Please refer to FIG. 2. FIG. 2 is a schematic diagram showing a semiconductor device after carrying out a replacement metal gate process. After the process of completely removing the dummy gate electrode 112 and leaving the trenches 210 in the first interlayer dielectric 150, a replacement metal gate (RMG) process maybe carried out so as to form a structure as shown in FIG. 2. The RMG process may include at least the following steps. A dielectric layer 214, a work function metal layer and a conductive layer is sequentially filled into a trench 210. A polishing process is then carried out to remove the dielectric layer 214, the work function metal layer and the conductive layer outside the trench 210 until the first interlayer dielectric layer 150 is exposed. Afterwards, portions of the dielectric layer 214, the work function metal layer and the conductive layer maybe further removed so as to expose a top portion of the trench 210. The exposed trench 210 may be further refilled with hard mask 216 made of non-conductive dielectric material in a deposition and planarization process. At this time, several metal gate structures 310 are obtained, and the conductive layer in trenches 210 may act as gate electrodes 212 of the metal gate structures 310.
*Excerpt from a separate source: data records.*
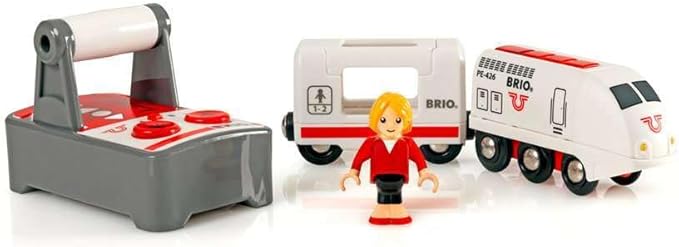 BRIO Remote Control Travel Train - Kids Toy with Light and Sound Features | Battery Operated | Compatible with Wooden Railway Tracks | Perfect for Toddlers Age 3+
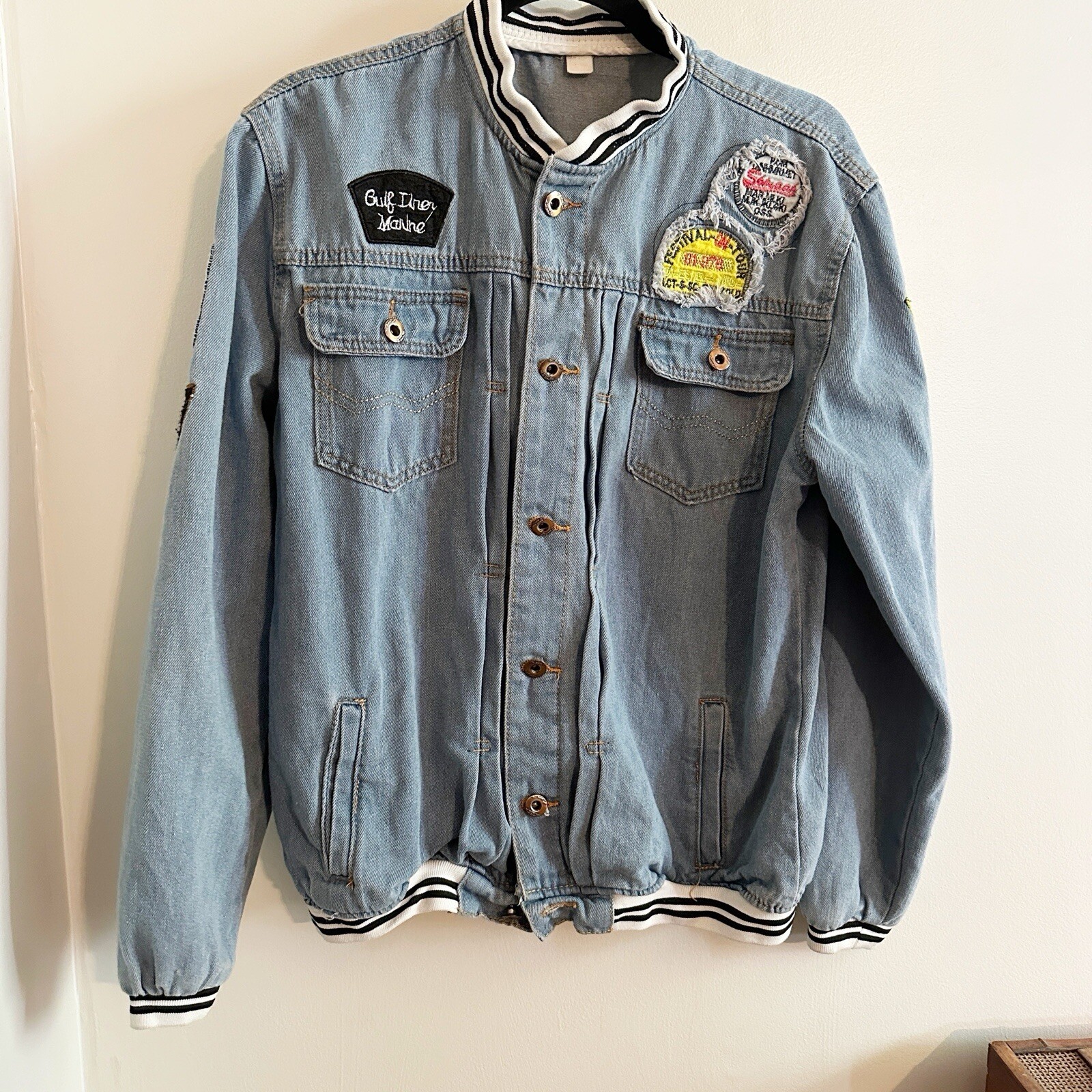 Denim Jacket Bomber Mens Blue Medium/Button Up Patches-image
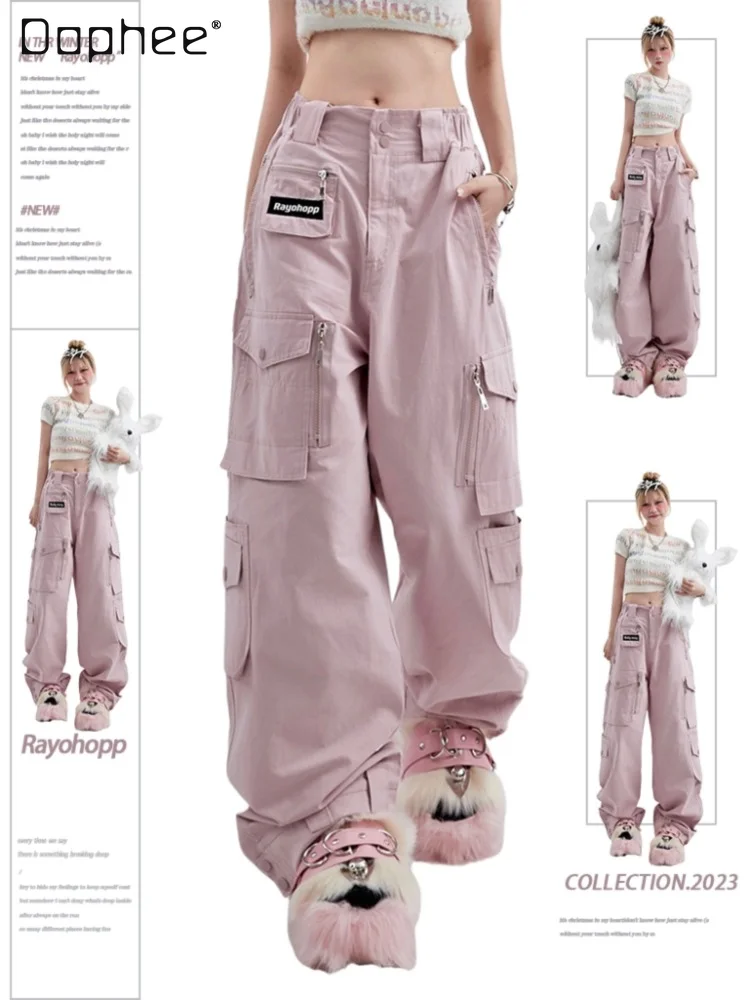 Streetwear Women's Summer Dancing Pink Overalls 2023 New Casual Fashion Brand High Waist Pocket Decoration Straight Pants Women
Streetwear Women's Summer Dancing Pink Overalls 2023 New Casual Fashion Brand High Waist Pocket Decoration Straight Pants Women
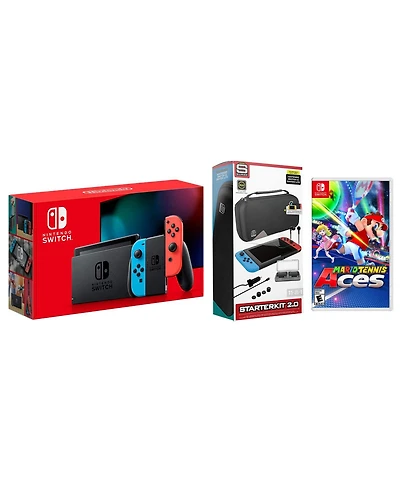 Nintendo Switch 32GB Console Neon Red/Blue Joy-Con Bundle with Surge 11-In-1 Accessory Starter Pack and Mario Tennis Aces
The dielectric layer 214 disclosed above is preferably a high-k dielectric layer with a dielectric constant substantially greater than 20. As an example, the dielectric layer 214 could be selected from the group consisting of hafnium oxide (HfO₂), hafnium silicon oxide (HfSiO), hafnium silicon oxynitride (HfSiON), aluminum oxide (Al₂O₃), lanthanum oxide (La₂O₃), lanthanum aluminum oxide (LaAlO), tantalum oxide (Ta₂O₅), zirconium oxide (ZrO₂), zirconium silicon oxide (ZrSiO₄), hafnium zirconium oxide (HfZrO), strontium bismuth tantalite (SrBi₂Ta₂O₉, SBT), lead zirconate titanate (PbZr_xTi_1-xO₃, PZT), and barium strontium titanate (BaxSr_1-xTiO₃, BST), but not limited thereto. Additionally, the work function metal layers include titanium nitride (TiN), titanium carbide, (TiC), tantalum nitride (TaN), tantalum carbide (TaC), tungsten carbide (WC) or aluminum titanium nitride (TiAlN), but not limited thereto. The gate electrodes 152 may include metal or metal oxide with superior filling ability and relative low resistance, such as aluminum (Al), titanium aluminum (TiAl), titanium aluminum oxide (TiAlO), tungsten (W) or copper (Cu), but not limited thereto.

Additionally, since the above-mentioned process is agate-last process accompanied with a high-k last process, both the dielectric layer 214 and the work function layer are preferably disposed on the sidewalls and the bottom of each trench 210. However, the present embodiment is not limited thereto. In other words, a gate-first process accompanied with a high-k first process maybe applied instead. In this way, prior to the removal of the dummy gate electrode, the substrate 100 within the trench 210 may be covered by the high-k dielectric layer. In addition, a barrier layer (not shown) may be optionally formed and may cover the high-k dielectric layer so that the high-k dielectric layer is not removed along with the sacrificial layer. The barrier layer may be a metal layer, such as a titanium nitride layer.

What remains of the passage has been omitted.